Upshur County teacher Lucy Swecker began her teaching career many miles from West Virginia.
Swecker was the recipient of a Fulbright grant, and she served as an English teaching assistant at Kyungpook National University's Attached Elementary School in Daegu, Korea.
The Fulbright Scholar program was established by U.S. Sen. J. William Fulbright in 1946. His goal was to establish cross-cultural understanding among nations. Through the program, teachers, lecturers and researchers are sent to countries across the world.
A Daegu, South Korean student shares her music with Fulbright Scholar Lucy Swecker.
Students enjoy a typical school meal in South Korea, which features meat, soup, rice, fruit and kimchi.
Fulbright Scholar Lucy Swecker shares cake and ice cream with her host family and friends in Daegu, South Korea.

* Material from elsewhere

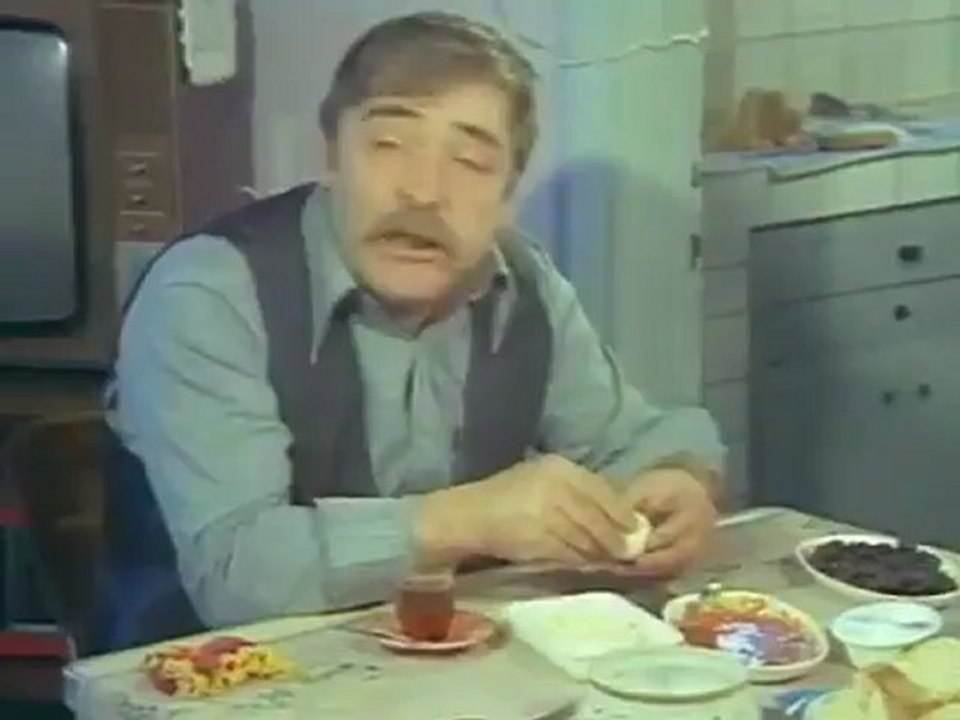 Sultan  Türkan Soray, Bulut Aras, Sener Sen (Full Film)_0 OyunBiti.Com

"Through my Fulbright Scholarship, I took on the role of people-to-people ambassador, exchanging culture through work as a teacher," Swecker said. "Daegu has 2.5 million people, compared to my small-time hometown of Mill Creek."
Swecker said she started her application process for the Fulbright Scholarship in June of her junior year at West Virginia Wesleyan College.
"After I applied - and it was an extensive application - I contacted a Korean class to become more familiar with and prepared for the possibility of going abroad," Swecker said. "I found out in April that I would be going to South Korea and would be there for a little more than a year. I left for Korea in July (2011)."
While in Daegu, Swecker lived with a homestay family.
"My home in Korea was on the fifth floor of a high-rise apartment building in downtown Daegu," Swecker said. "My homestay family was the Parks, a generous, loving and welcoming Korean family. At first, I was nervous about the possible communication problems caused by a novice Korean speaker living in a Korean-speaking household, but I was put at ease when my host mother, a translator, spoke to me in perfect English."
Swecker said her host family brothers were in second and fourth grade at her school, and they often helped her by serving as interpreters. She said eating meals, celebrating holidays and experiencing daily life with a family provided a true taste of Korean culture.
"I quickly became a real member of the family," Swecker said. "My brothers nicknamed my nationality Komerican and regularly introduced me as their older sister."
Swecker was introduced to many Korean delicacies. Kimchi, a fermented cabbage, is Korea's most famous dish, and it is served at each meal. Home meals feature fish, rice, kimchi and soup. School meals include kimchi, fruit, soup, meat and rice.
Along with teaching third to sixth grade in the elementary school, Swecker volunteered to tutor North Korean defectors. More than 900 defectors live in Daegu.
Swecker said she enjoyed working with the Korean students.
"I had 500 students in third through sixth grade," Swecker said. "Schools were much like in America, where the students attend third through 12th grade before college. Koreans are quite enthusiastic about education, especially English education. Many elementary students attend hagwon (after-school learning activities) until 9 p.m. each night, and high school students study as late as 11 p.m. Education is considered essential for one's success, and college entrance is fiercely competitive."
Swecker said she enjoyed teaching the Korean students and host family about American traditions, such as making Christmas cards, Easter Egg hunts and the birthday song. She said students also enjoyed learning songs to practice English and liked to use the online Skype program to speak with her parents and friends.
She also said she used a $500 donation from the First Presbyterian Church in Buckhannon and donated books from the Tygart Valley Presbyterian Women and Alpha Delta Kappa to establish a library of more than 300 English and Korean books for the after-school center.
Currently, Swecker teaches third grade at Academy Elementary School in Buckhannon.
"I enjoy sharing my experiences with my students and teaching them Korean phrases," Swecker said. "They enjoy studying Korean culture and writing letters to Korean elementary school students. It has provided them with valuable exposure to another culture, while helping them understand the importance of mutual understanding among peoples at an early age.
"My current students beg to visit Korea for our field trip and come to me speaking Korean words they have learned on their own," she said.
"My own fourth-grade teacher, Betsy Metzler, spoke of her travels to my class. It was those stories that rooted a desire for experiencing other cultures in my heart.
I hope I am doing the same for my students," Swecker said.